● YOUR GOAL
Don't include pictures. Quote the lines below from the first through the line that contains "MT: Messerschmitt Bf109-E4".

Records from a collection
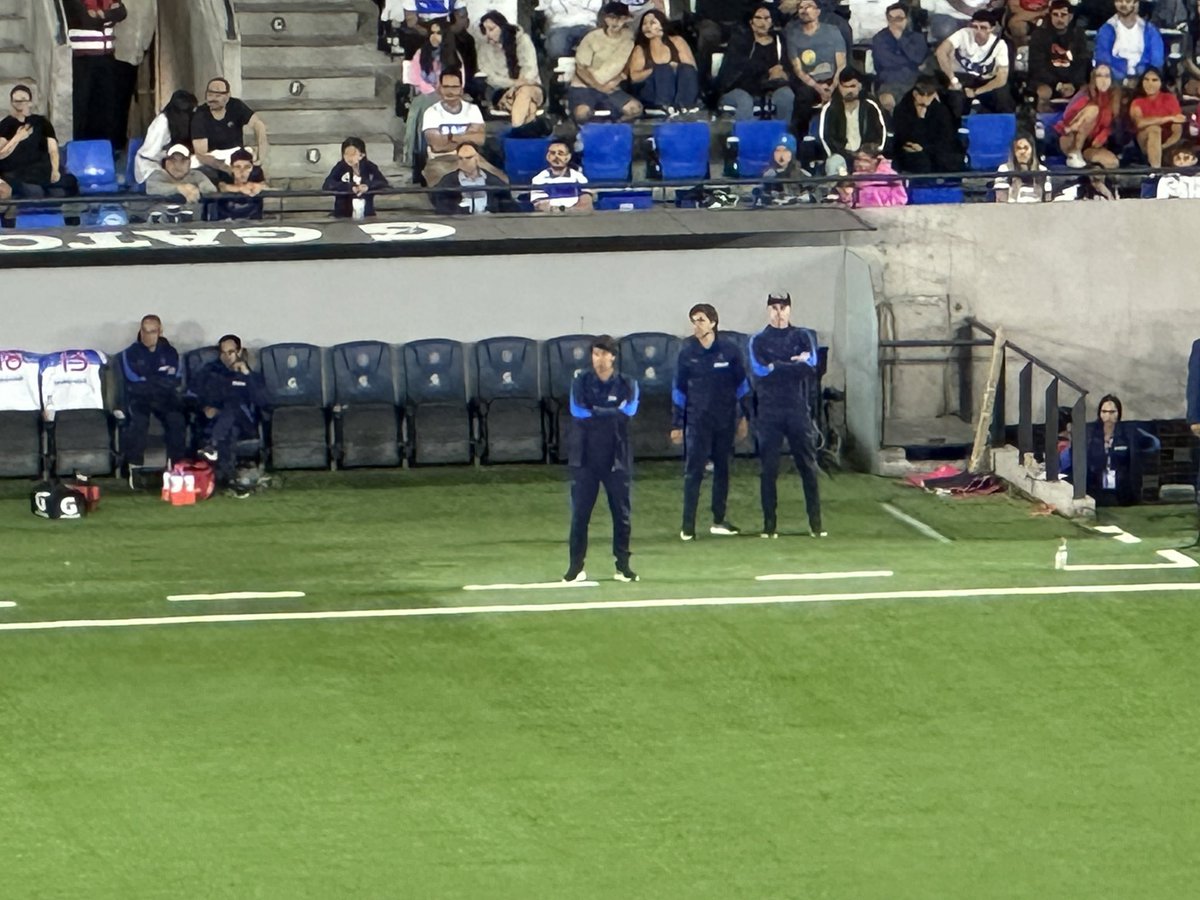 Y #Garnero NO HACE CAMBIOS!!!!

Que estar pensando este weon??? 
Que estamos jugando la raja??? 
No hemos llegado en todo el 2do tiempo??
Ya me me está acabando la paciencia con este weon!
#LosCruzados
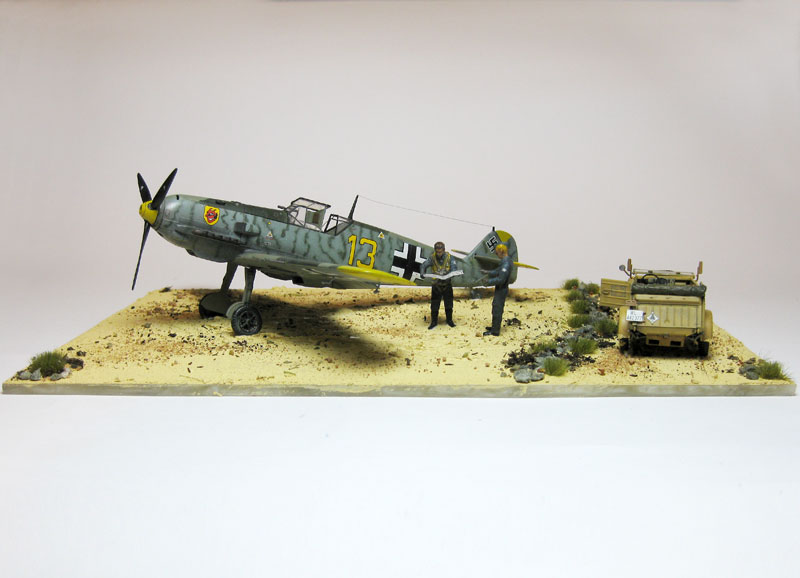 MT: Messerschmitt Bf109-E4 con Kübelwagen - Eduard y Tamiya 1/48 334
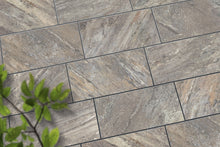 Verlegte CeramicLine³-Platten in beige von Woehe & Heydemann in 80x40 – Naturstein-Optik mit harmonischer Linienführung 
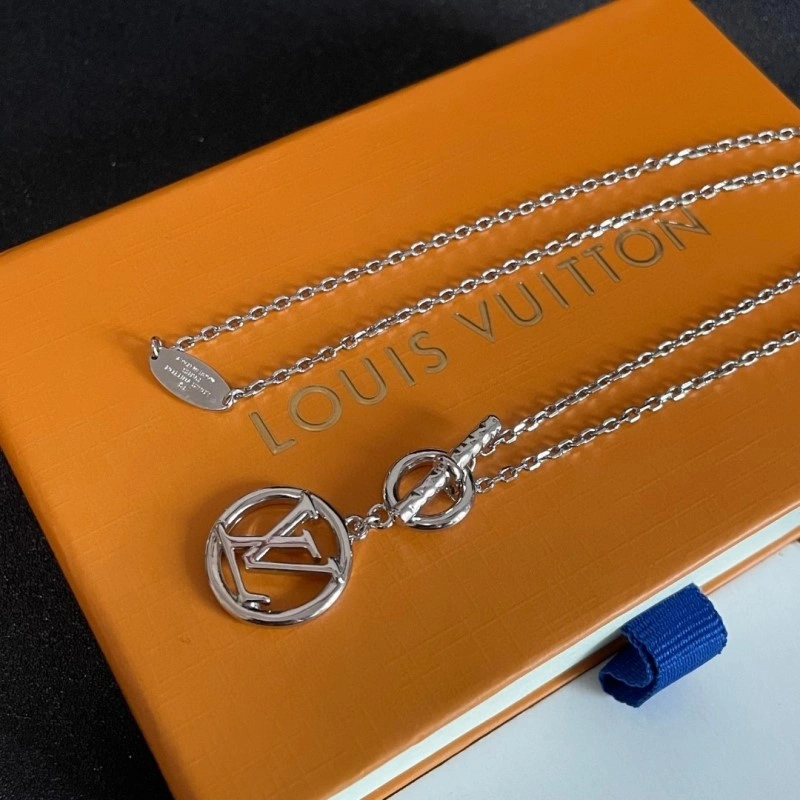 Louis Vuitton Necklaces Effortless 247832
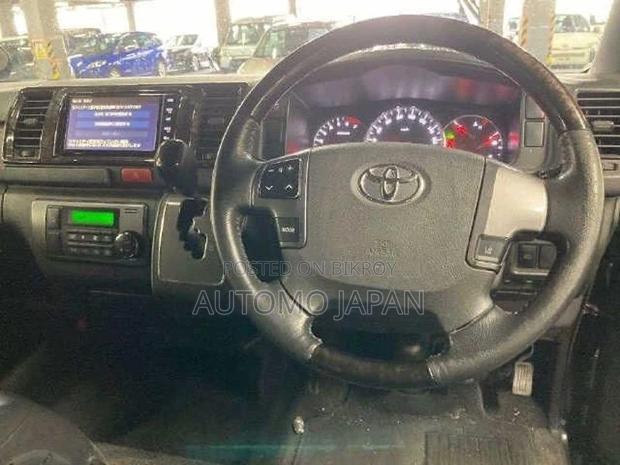 Toyota Hiace Super GL Dark Prime 2020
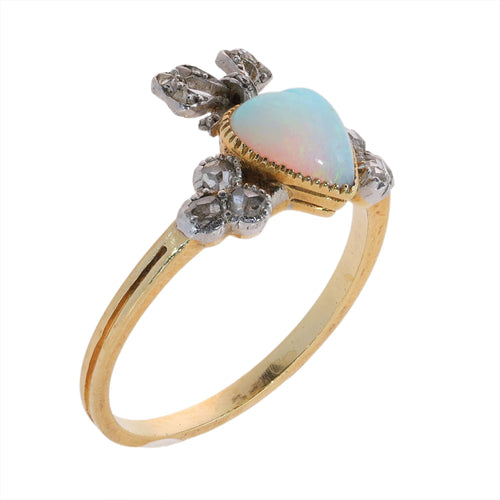 50 Belle Époque - Bague cœur en or jaune, opale et diamants 58 Facettes 26090-0194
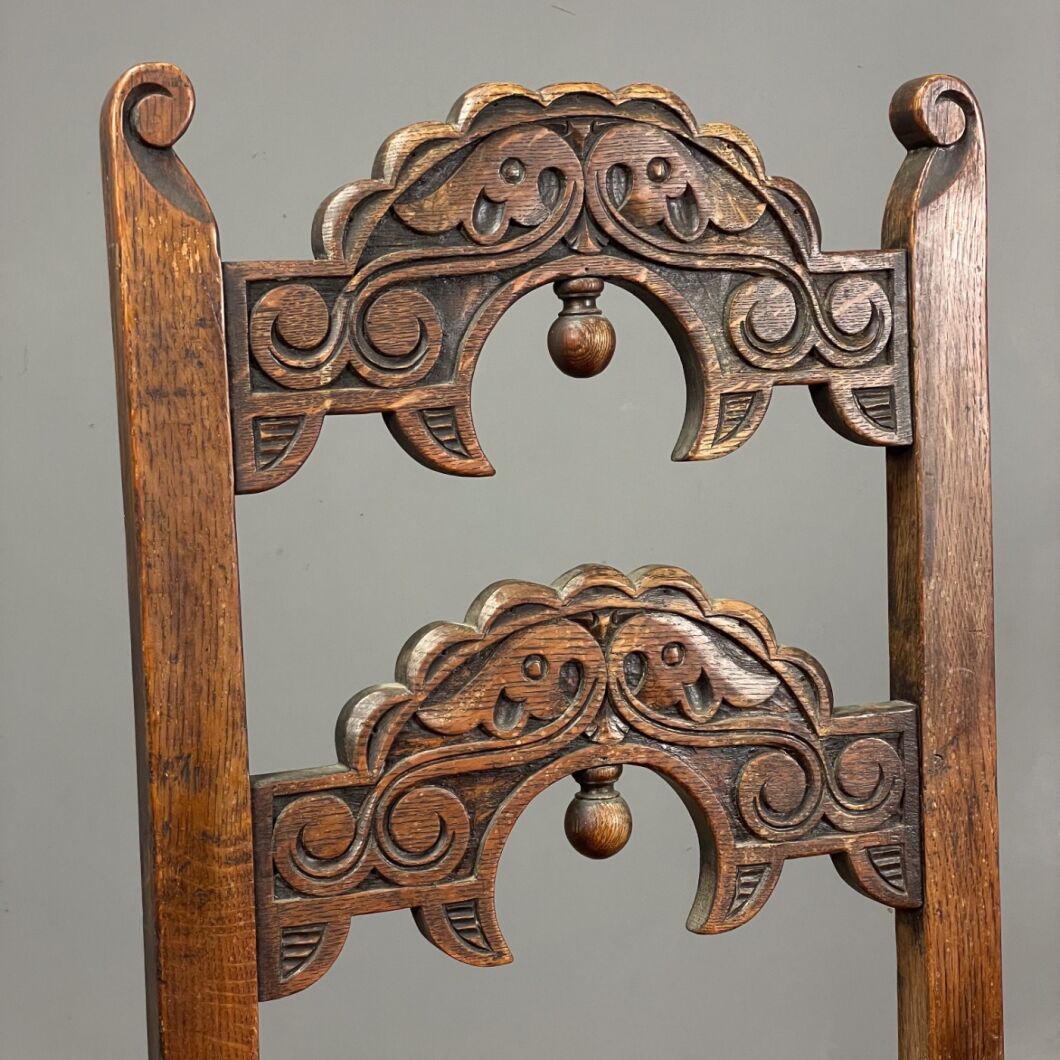 www.brandonthatchers.co.uk Antique carved yorkshire chairs 4 CYCS3.jpg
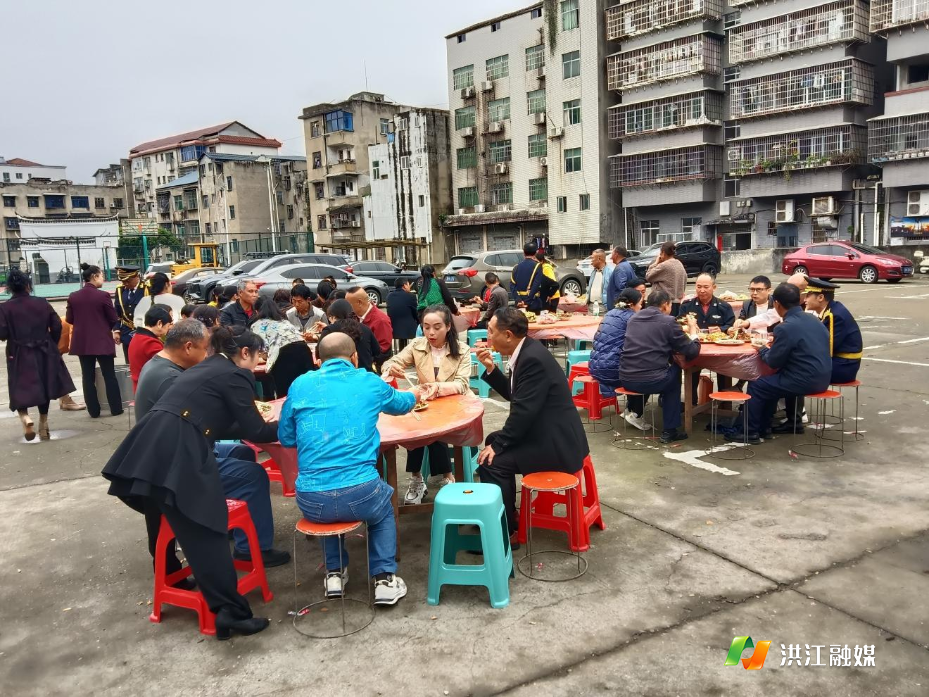 【黔城镇】歌声传情迎佳节 邻里欢聚暖人心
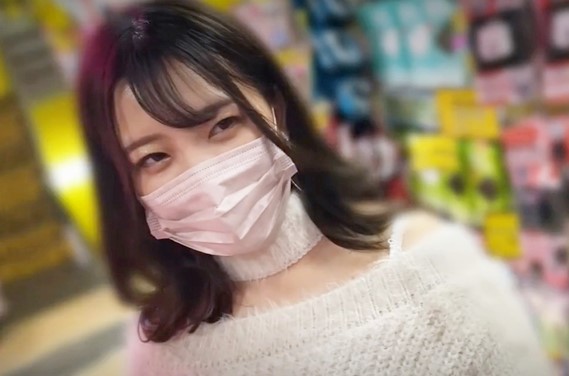 【伊南えりか】めちゃくちゃエロ顔の１９歳ヤリマンショップ店員がFカップのパイズリからハメ撮りsexで何度も悶絶イキまくり💖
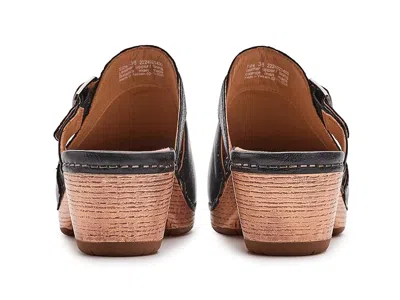 Dansko Leandra Clogs In Black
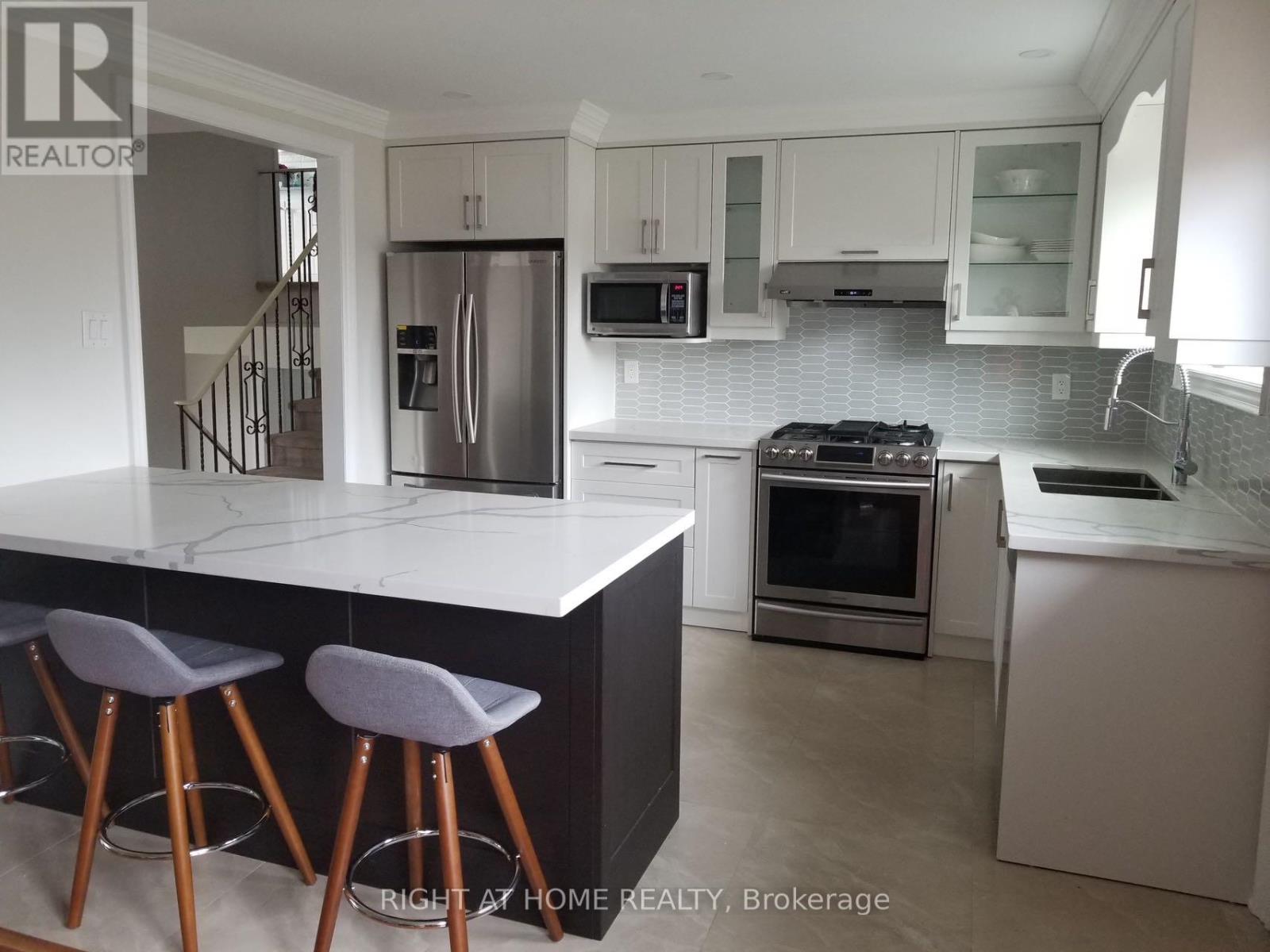 Upper 164 Guildwood Parkway, Toronto, Ontario  M1E 1P4 - Photo 4 - E13139340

● SOLUTION TO THIS TASK
 Y #Garnero NO HACE CAMBIOS!!!!

Que estar pensando este weon??? 
Que estamos jugando la raja??? 
No hemos llegado en todo el 2do tiempo??
Ya me me está acabando la paciencia con este weon!
#LosCruzados
 MT: Messerschmitt Bf109-E4 con Kübelwagen - Eduard y Tamiya 1/48 334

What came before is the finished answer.